Saartalk „Die großen Herausforderungen liegen vor uns“

Annegret Kramp-Karrenbauer (CDU) und Heiko Maas (SPD) wollen das Profil ihrer Parteien schärfen, aber den Koalitionsfrieden wahren.

Die CDU-Bundesvorsitzende Annegret Kramp-Karrenbauer und der Bundesaußenminister Heiko Maas (SPD, r.) stellten sich den Fragen von SR-Chefredakteur Norbert Klein (2. v. l.) und SZ-Chefredakteur Peter Stefan Herbst (2. v. r.) im „Saartalk“, der dieses Mal im ARD-Hauptstadtstudio in Berlin aufgezeichnet wurde.

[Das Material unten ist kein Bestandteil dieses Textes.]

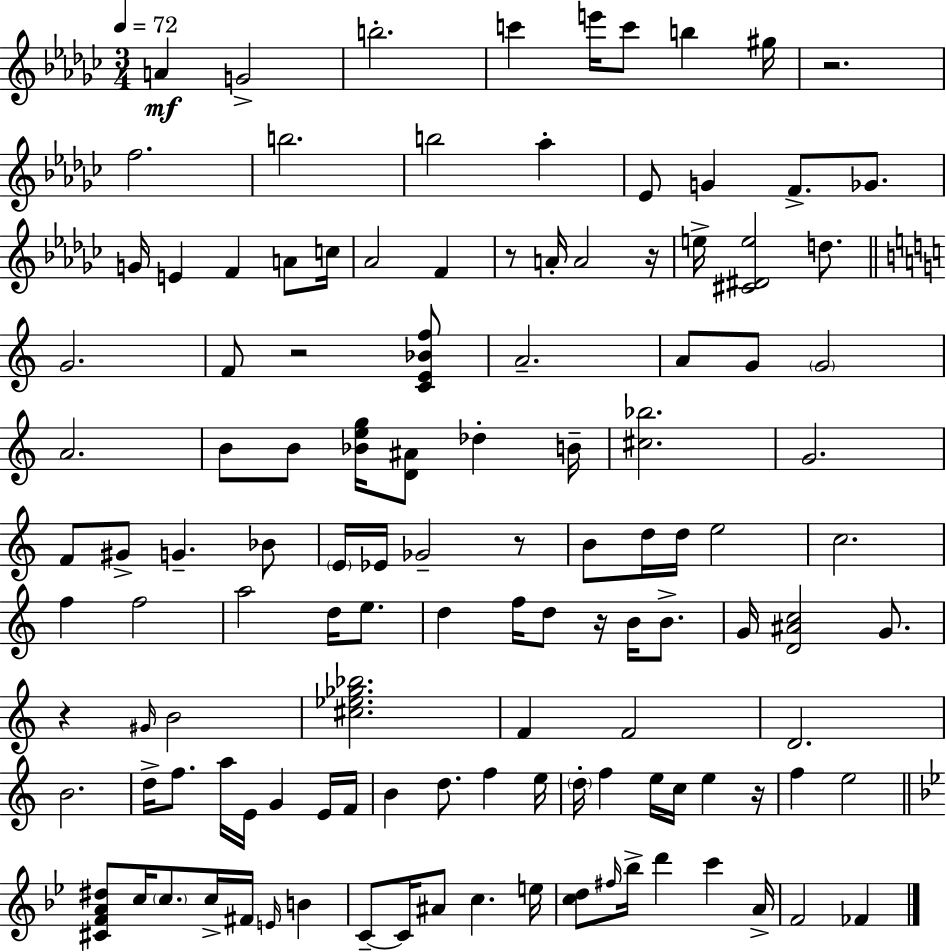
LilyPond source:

{
  \clef treble
  \numericTimeSignature
  \time 3/4
  \key ees \minor
  \tempo 4 = 72
  a'4\mf g'2-> | b''2.-. | c'''4 e'''16 c'''8 b''4 gis''16 | r2. | \break f''2. | b''2. | b''2 aes''4-. | ees'8 g'4 f'8.-> ges'8. | \break g'16 e'4 f'4 a'8 c''16 | aes'2 f'4 | r8 a'16-. a'2 r16 | e''16-> <cis' dis' e''>2 d''8. | \break \bar "||" \break \key c \major g'2. | f'8 r2 <c' e' bes' f''>8 | a'2.-- | a'8 g'8 \parenthesize g'2 | \break a'2. | b'8 b'8 <bes' e'' g''>16 <d' ais'>8 des''4-. b'16-- | <cis'' bes''>2. | g'2. | \break f'8 gis'8-> g'4.-- bes'8 | \parenthesize e'16 ees'16 ges'2-- r8 | b'8 d''16 d''16 e''2 | c''2. | \break f''4 f''2 | a''2 d''16 e''8. | d''4 f''16 d''8 r16 b'16 b'8.-> | g'16 <d' ais' c''>2 g'8. | \break r4 \grace { gis'16 } b'2 | <cis'' ees'' ges'' bes''>2. | f'4 f'2 | d'2. | \break b'2. | d''16-> f''8. a''16 e'16 g'4 e'16 | f'16 b'4 d''8. f''4 | e''16 \parenthesize d''16-. f''4 e''16 c''16 e''4 | \break r16 f''4 e''2 | \bar "||" \break \key g \minor <cis' f' a' dis''>8 c''16 \parenthesize c''8. c''16-> fis'16 \grace { e'16 } b'4 | c'8--~~ c'16 ais'8 c''4. | e''16 <c'' d''>8 \grace { fis''16 } bes''16-> d'''4 c'''4 | a'16-> f'2 fes'4 | \break \bar "|."
}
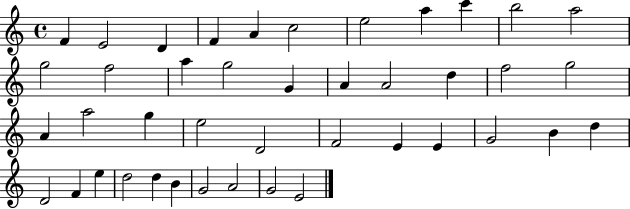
F4/q E4/h D4/q F4/q A4/q C5/h E5/h A5/q C6/q B5/h A5/h G5/h F5/h A5/q G5/h G4/q A4/q A4/h D5/q F5/h G5/h A4/q A5/h G5/q E5/h D4/h F4/h E4/q E4/q G4/h B4/q D5/q D4/h F4/q E5/q D5/h D5/q B4/q G4/h A4/h G4/h E4/h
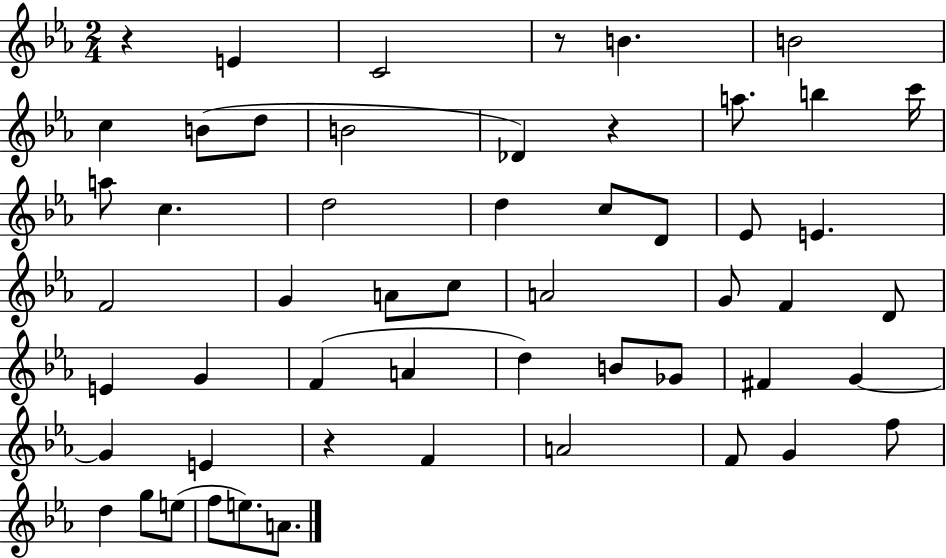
R/q E4/q C4/h R/e B4/q. B4/h C5/q B4/e D5/e B4/h Db4/q R/q A5/e. B5/q C6/s A5/e C5/q. D5/h D5/q C5/e D4/e Eb4/e E4/q. F4/h G4/q A4/e C5/e A4/h G4/e F4/q D4/e E4/q G4/q F4/q A4/q D5/q B4/e Gb4/e F#4/q G4/q G4/q E4/q R/q F4/q A4/h F4/e G4/q F5/e D5/q G5/e E5/e F5/e E5/e. A4/e.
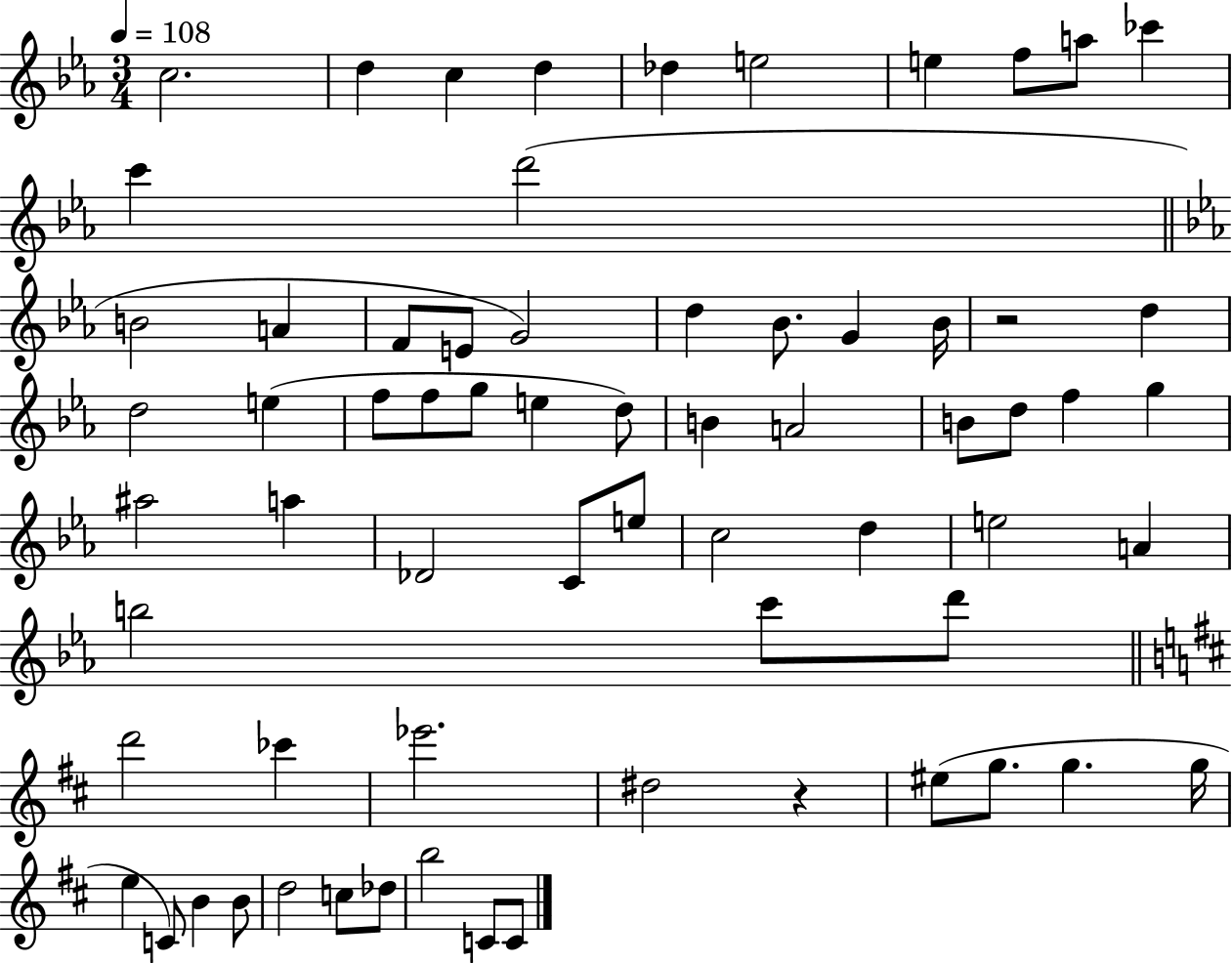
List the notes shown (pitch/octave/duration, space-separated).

C5/h. D5/q C5/q D5/q Db5/q E5/h E5/q F5/e A5/e CES6/q C6/q D6/h B4/h A4/q F4/e E4/e G4/h D5/q Bb4/e. G4/q Bb4/s R/h D5/q D5/h E5/q F5/e F5/e G5/e E5/q D5/e B4/q A4/h B4/e D5/e F5/q G5/q A#5/h A5/q Db4/h C4/e E5/e C5/h D5/q E5/h A4/q B5/h C6/e D6/e D6/h CES6/q Eb6/h. D#5/h R/q EIS5/e G5/e. G5/q. G5/s E5/q C4/e B4/q B4/e D5/h C5/e Db5/e B5/h C4/e C4/e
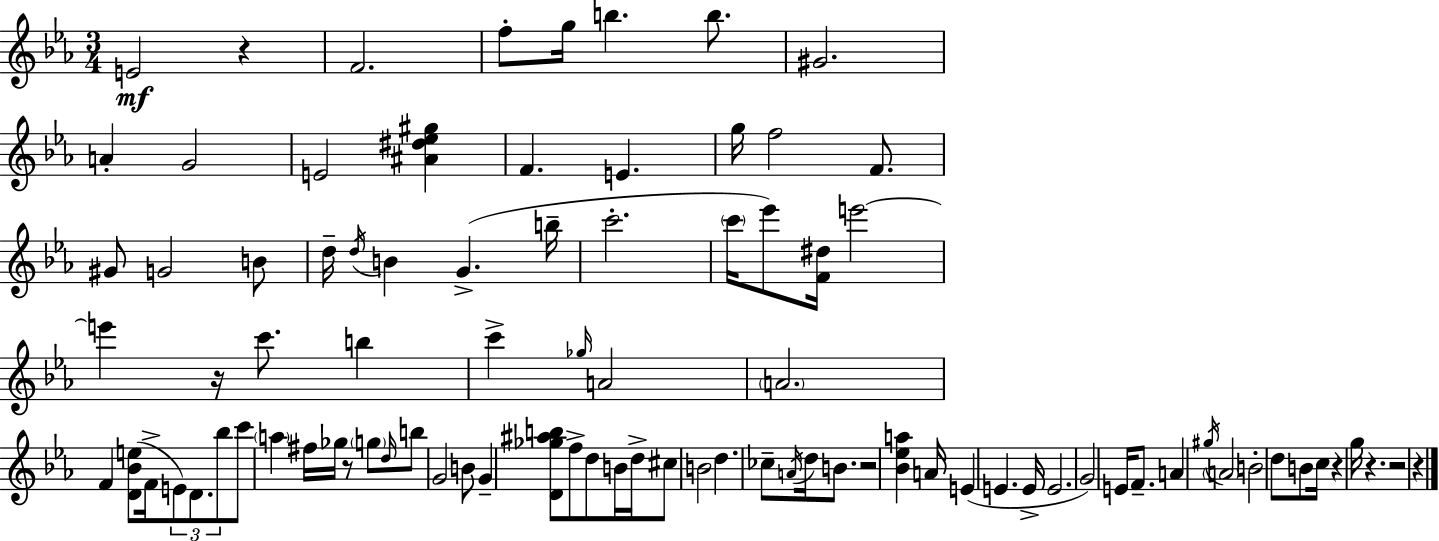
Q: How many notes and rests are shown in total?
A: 89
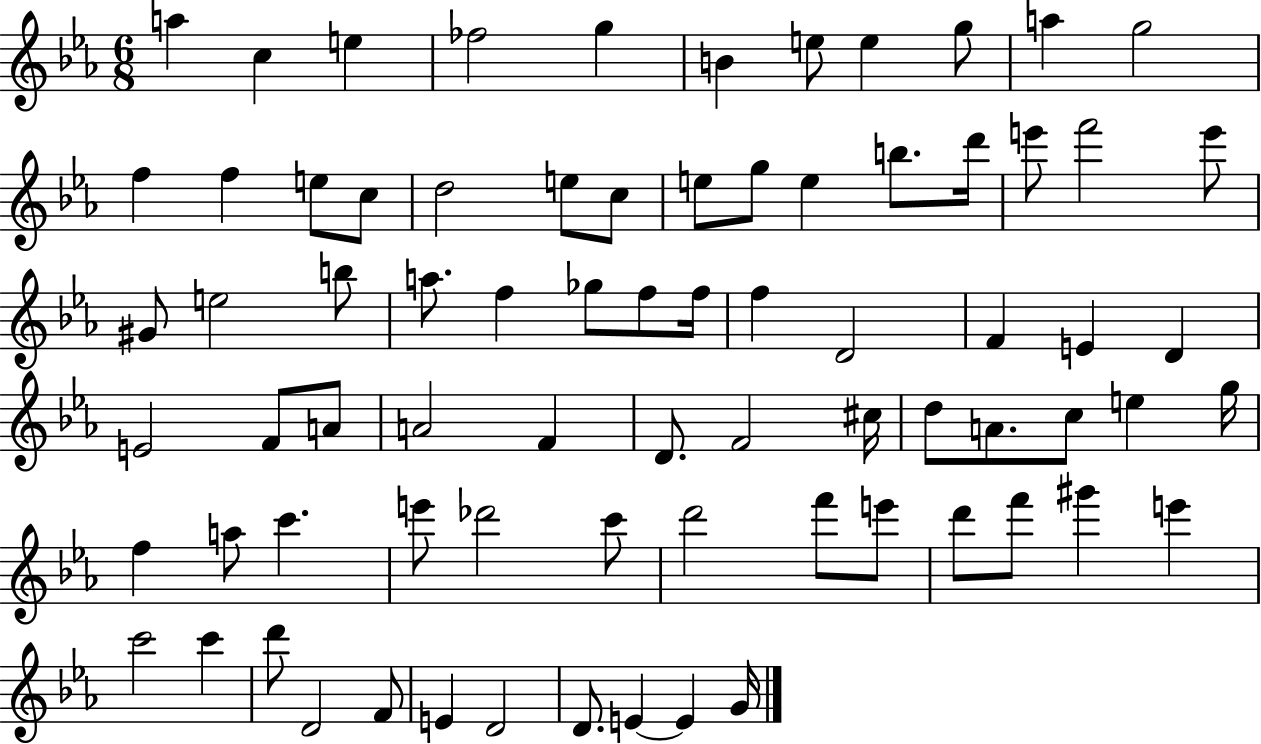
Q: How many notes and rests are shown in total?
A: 76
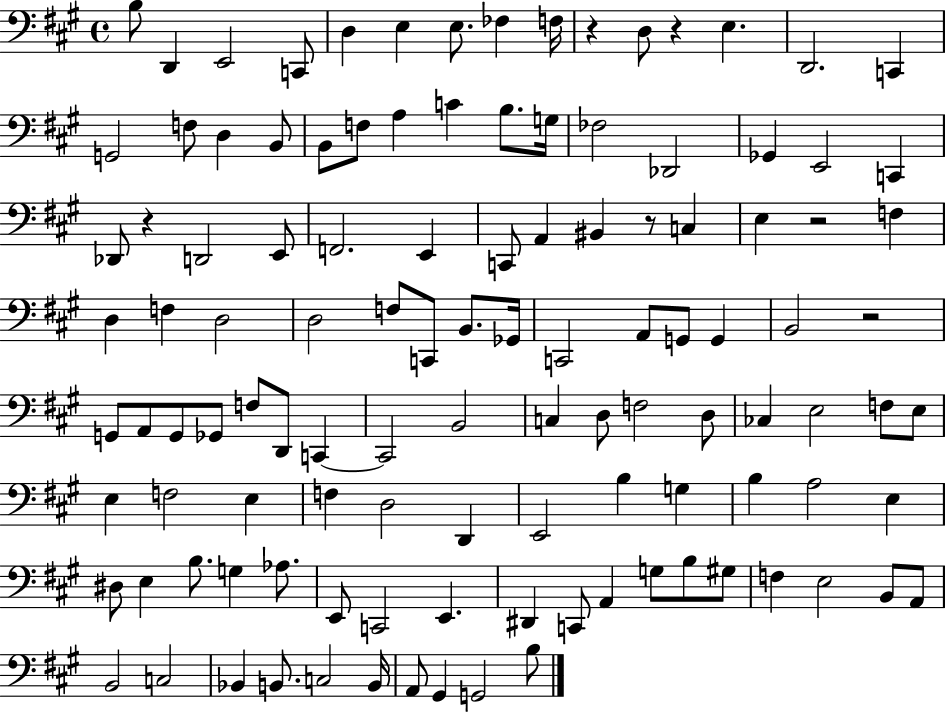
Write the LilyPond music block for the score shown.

{
  \clef bass
  \time 4/4
  \defaultTimeSignature
  \key a \major
  b8 d,4 e,2 c,8 | d4 e4 e8. fes4 f16 | r4 d8 r4 e4. | d,2. c,4 | \break g,2 f8 d4 b,8 | b,8 f8 a4 c'4 b8. g16 | fes2 des,2 | ges,4 e,2 c,4 | \break des,8 r4 d,2 e,8 | f,2. e,4 | c,8 a,4 bis,4 r8 c4 | e4 r2 f4 | \break d4 f4 d2 | d2 f8 c,8 b,8. ges,16 | c,2 a,8 g,8 g,4 | b,2 r2 | \break g,8 a,8 g,8 ges,8 f8 d,8 c,4~~ | c,2 b,2 | c4 d8 f2 d8 | ces4 e2 f8 e8 | \break e4 f2 e4 | f4 d2 d,4 | e,2 b4 g4 | b4 a2 e4 | \break dis8 e4 b8. g4 aes8. | e,8 c,2 e,4. | dis,4 c,8 a,4 g8 b8 gis8 | f4 e2 b,8 a,8 | \break b,2 c2 | bes,4 b,8. c2 b,16 | a,8 gis,4 g,2 b8 | \bar "|."
}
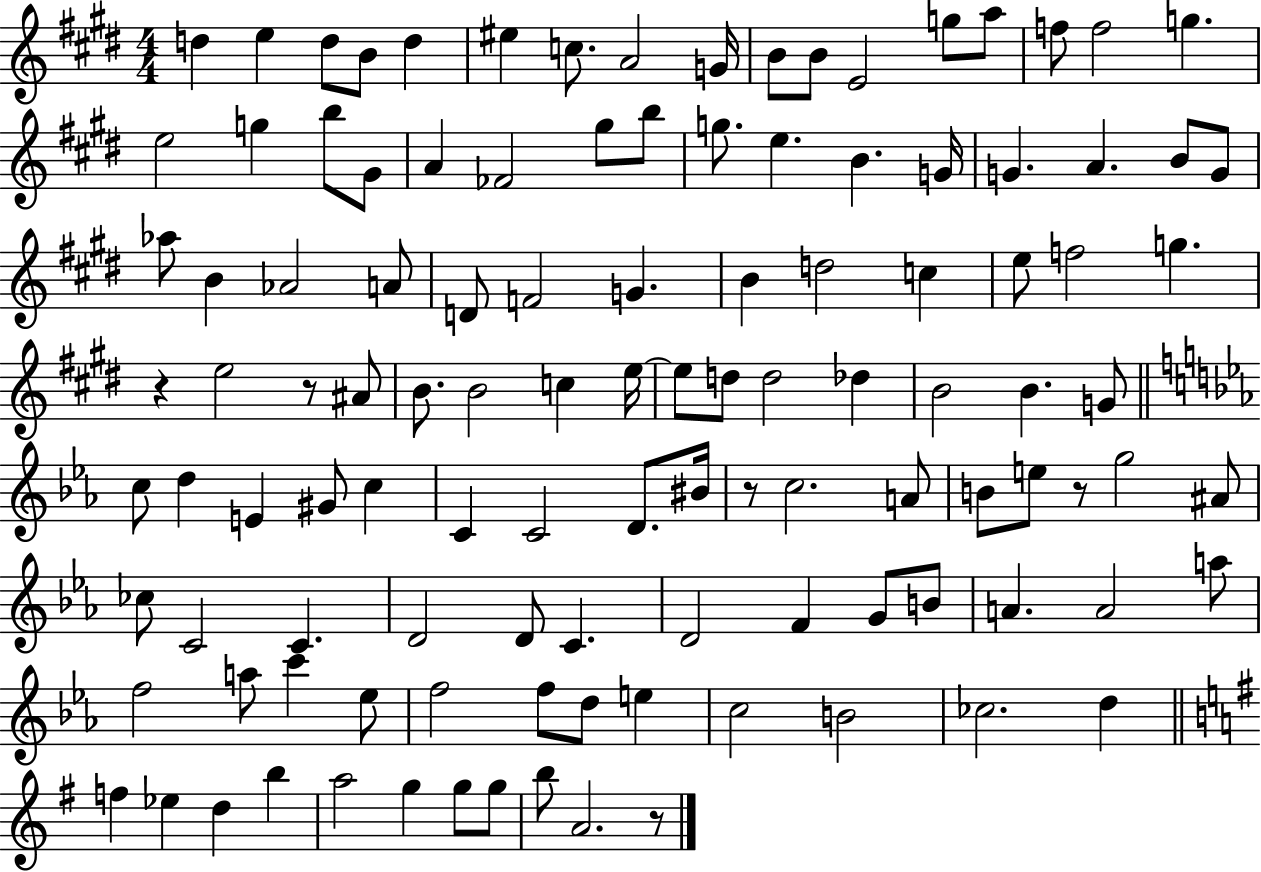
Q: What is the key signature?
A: E major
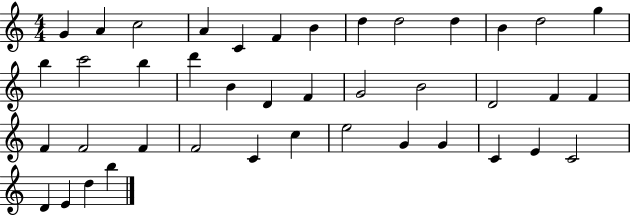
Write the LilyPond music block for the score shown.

{
  \clef treble
  \numericTimeSignature
  \time 4/4
  \key c \major
  g'4 a'4 c''2 | a'4 c'4 f'4 b'4 | d''4 d''2 d''4 | b'4 d''2 g''4 | \break b''4 c'''2 b''4 | d'''4 b'4 d'4 f'4 | g'2 b'2 | d'2 f'4 f'4 | \break f'4 f'2 f'4 | f'2 c'4 c''4 | e''2 g'4 g'4 | c'4 e'4 c'2 | \break d'4 e'4 d''4 b''4 | \bar "|."
}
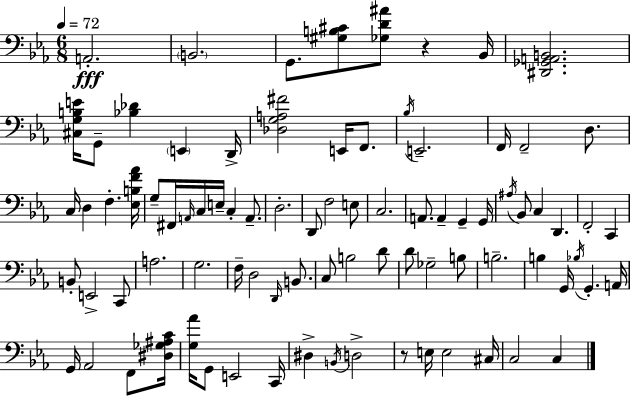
A2/h. B2/h. G2/e. [G#3,B3,C#4]/e [Gb3,D4,A#4]/e R/q Bb2/s [D#2,Gb2,A2,B2]/h. [C#3,G3,B3,E4]/s G2/e [Bb3,Db4]/q E2/q D2/s [Db3,G3,A3,F#4]/h E2/s F2/e. Bb3/s E2/h. F2/s F2/h D3/e. C3/s D3/q F3/q. [Eb3,B3,F4,Ab4]/s G3/e F#2/s A2/s C3/s E3/s C3/q A2/e. D3/h. D2/e F3/h E3/e C3/h. A2/e. A2/q G2/q G2/s A#3/s Bb2/e C3/q D2/q. F2/h C2/q B2/e E2/h C2/e A3/h. G3/h. F3/s D3/h D2/s B2/e. C3/e B3/h D4/e D4/e Gb3/h B3/e B3/h. B3/q G2/s Bb3/s G2/q. A2/s G2/s Ab2/h F2/e [D#3,Gb3,A#3,C4]/s [G3,Ab4]/s G2/e E2/h C2/s D#3/q B2/s D3/h R/e E3/s E3/h C#3/s C3/h C3/q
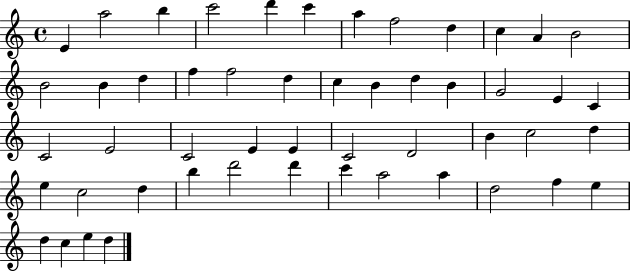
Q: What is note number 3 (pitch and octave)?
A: B5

Die CDU-Bundesvorsitzende Annegret Kramp-Karrenbauer und der Bundesaußenminister Heiko Maas (SPD, r.) stellten sich den Fragen von SR-Chefredakteur Norbert Klein (2. v. l.) und SZ-Chefredakteur Peter Stefan Herbst (2. v. r.) im „Saartalk“, der dieses Mal im ARD-Hauptstadtstudio in Berlin aufgezeichnet wurde.

Foto: k r o h n f o t o . d e

Der Saartalk ist ein gemeinsames Format von SR und SZ. Diesmal stellten sich die CDU-Bundesvorsitzende Annegret Kramp-Karrenbauer und Bundesaußenminister Heiko Maas (SPD) den Fragen der Chefredakteure Norbert Klein (SR) und Peter Stefan Herbst (SZ). Nora Ernst hat das Gespräch in Auszügen dokumentiert.

HERBST Zwei Saarländer in der Bundeshauptstadt: Was fehlt Ihnen in Berlin am meisten?

KRAMP-KARRENBAUER Vor allem meine Familie. Ich pendle am Wochenende nach Hause, um sie zu sehen, aber über die Woche fehlt mir das schon ein bisschen.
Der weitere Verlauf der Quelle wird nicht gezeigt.